==== Given records

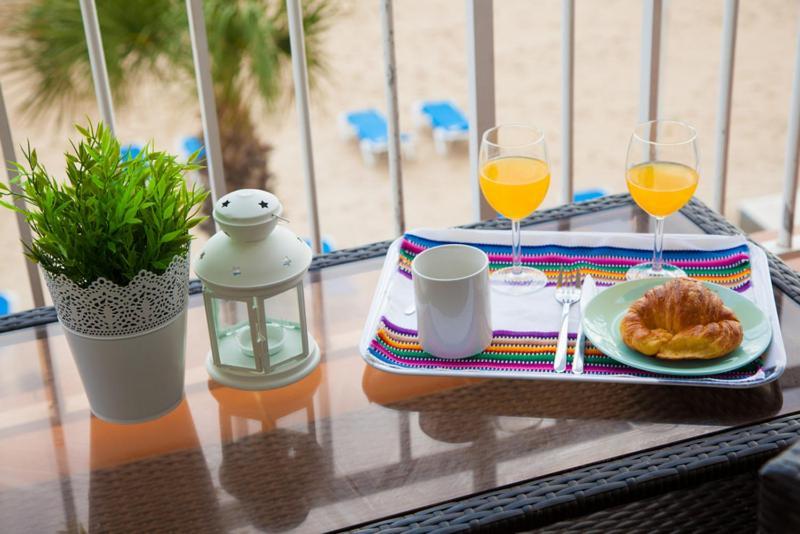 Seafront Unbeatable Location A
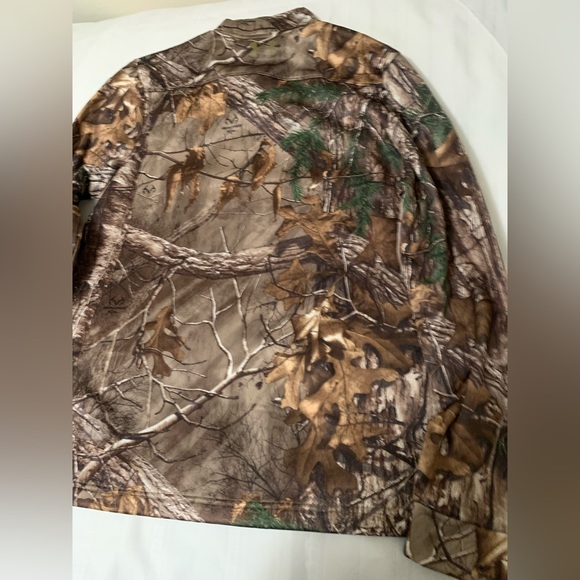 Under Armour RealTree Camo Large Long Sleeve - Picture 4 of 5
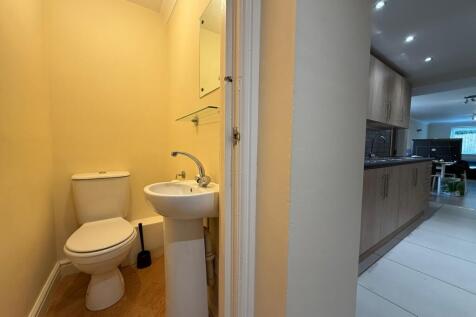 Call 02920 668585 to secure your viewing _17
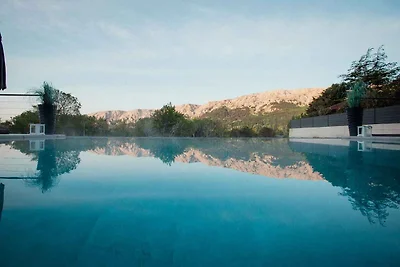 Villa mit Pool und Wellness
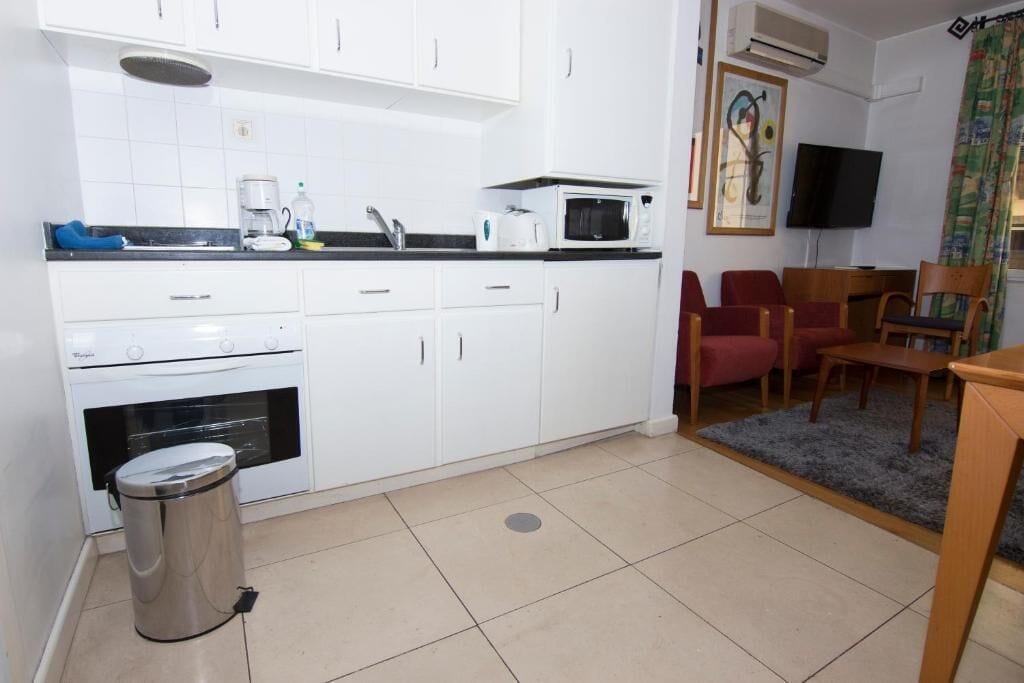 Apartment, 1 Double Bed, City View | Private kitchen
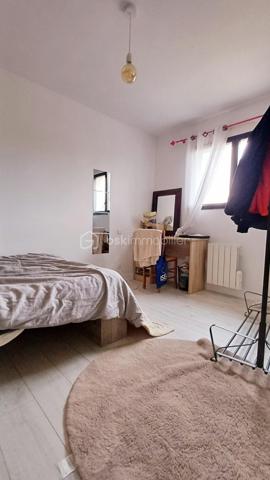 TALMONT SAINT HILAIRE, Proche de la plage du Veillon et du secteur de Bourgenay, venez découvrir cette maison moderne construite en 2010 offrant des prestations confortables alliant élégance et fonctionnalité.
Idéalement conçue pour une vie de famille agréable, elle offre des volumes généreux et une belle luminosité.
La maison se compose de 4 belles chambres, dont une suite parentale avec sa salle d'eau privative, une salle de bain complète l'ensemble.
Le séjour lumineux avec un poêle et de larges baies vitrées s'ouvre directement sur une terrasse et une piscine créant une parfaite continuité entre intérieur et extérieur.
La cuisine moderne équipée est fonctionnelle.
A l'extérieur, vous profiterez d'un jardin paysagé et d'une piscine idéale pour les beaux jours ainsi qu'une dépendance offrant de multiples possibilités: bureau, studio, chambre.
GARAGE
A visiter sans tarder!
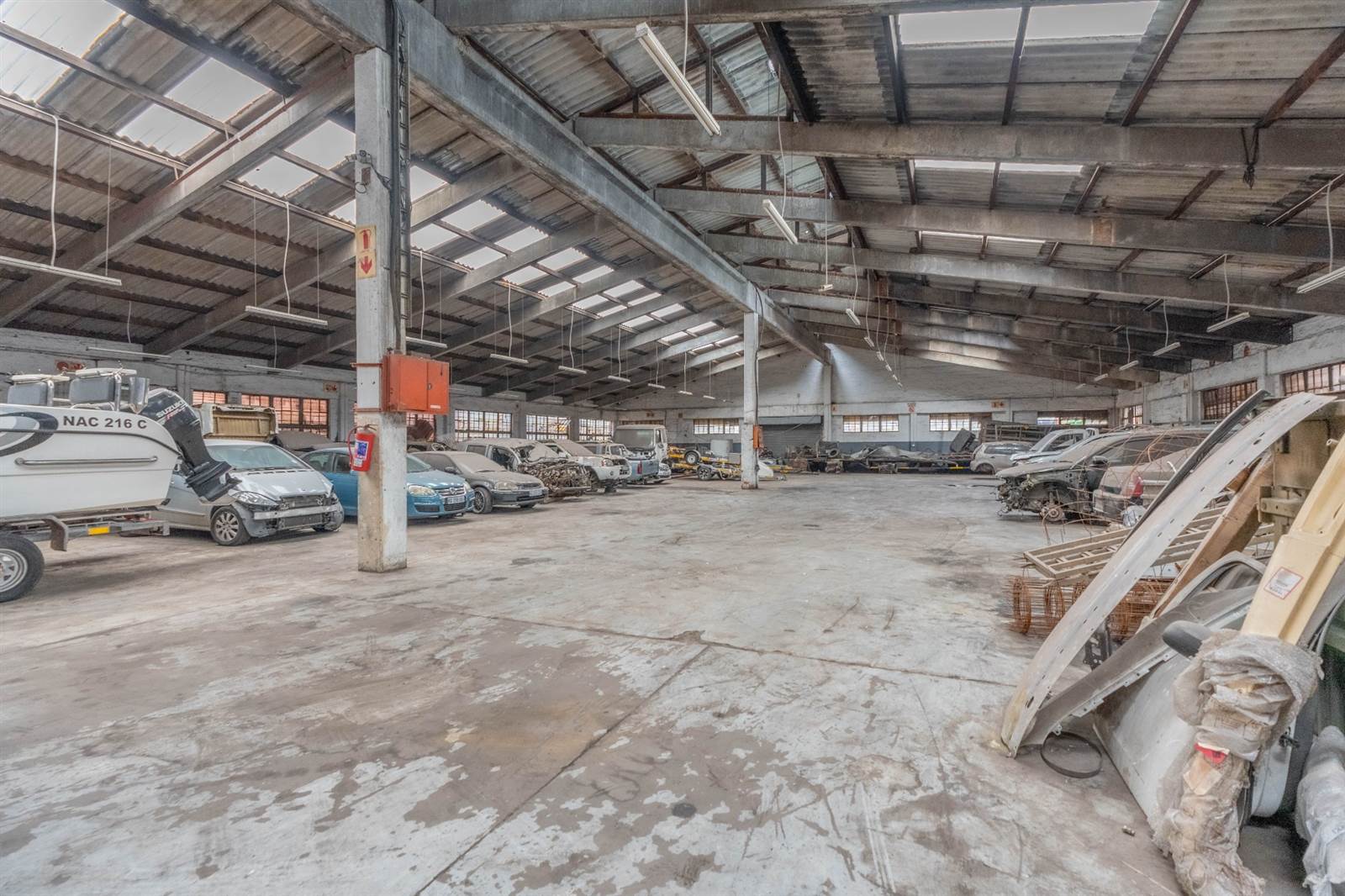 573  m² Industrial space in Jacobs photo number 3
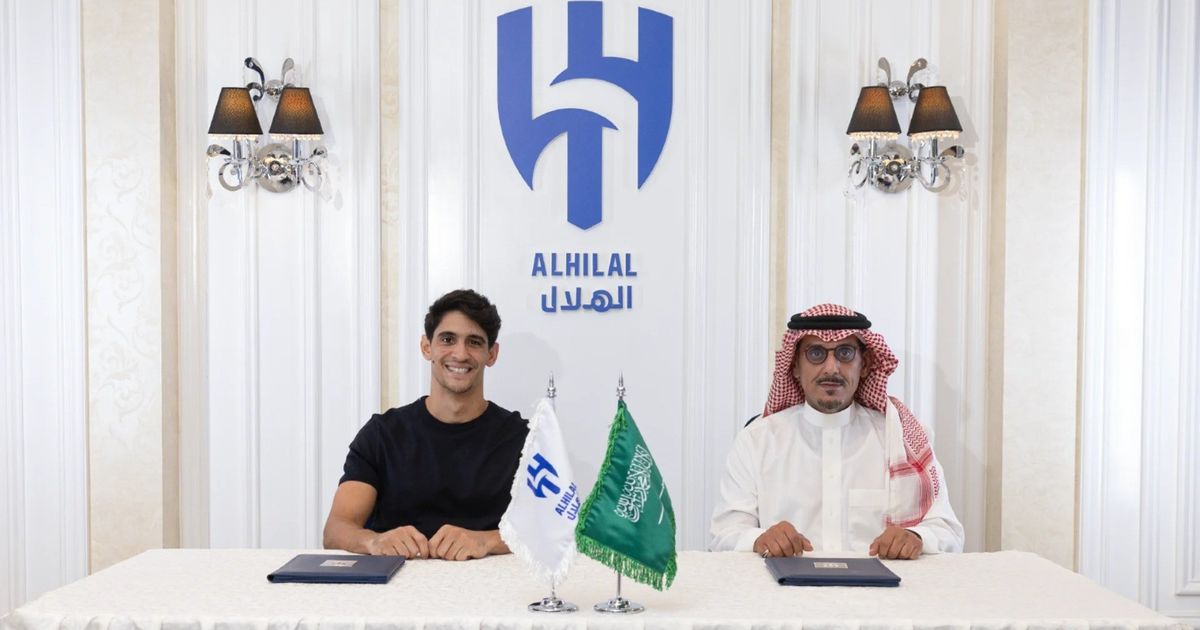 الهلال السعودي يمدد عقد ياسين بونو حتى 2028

========

*Goal of the exercise*:
Exclude the pictures and repeat the entries word for word.

*Result of this exercise*:
 Seafront Unbeatable Location A
 Under Armour RealTree Camo Large Long Sleeve - Picture 4 of 5
 Call 02920 668585 to secure your viewing _17
 Villa mit Pool und Wellness
 Apartment, 1 Double Bed, City View | Private kitchen
 TALMONT SAINT HILAIRE, Proche de la plage du Veillon et du secteur de Bourgenay, venez découvrir cette maison moderne construite en 2010 offrant des prestations confortables alliant élégance et fonctionnalité.
Idéalement conçue pour une vie de famille agréable, elle offre des volumes généreux et une belle luminosité.
La maison se compose de 4 belles chambres, dont une suite parentale avec sa salle d'eau privative, une salle de bain complète l'ensemble.
Le séjour lumineux avec un poêle et de larges baies vitrées s'ouvre directement sur une terrasse et une piscine créant une parfaite continuité entre intérieur et extérieur.
La cuisine moderne équipée est fonctionnelle.
A l'extérieur, vous profiterez d'un jardin paysagé et d'une piscine idéale pour les beaux jours ainsi qu'une dépendance offrant de multiples possibilités: bureau, studio, chambre.
GARAGE
A visiter sans tarder!
 573  m² Industrial space in Jacobs photo number 3
 الهلال السعودي يمدد عقد ياسين بونو حتى 2028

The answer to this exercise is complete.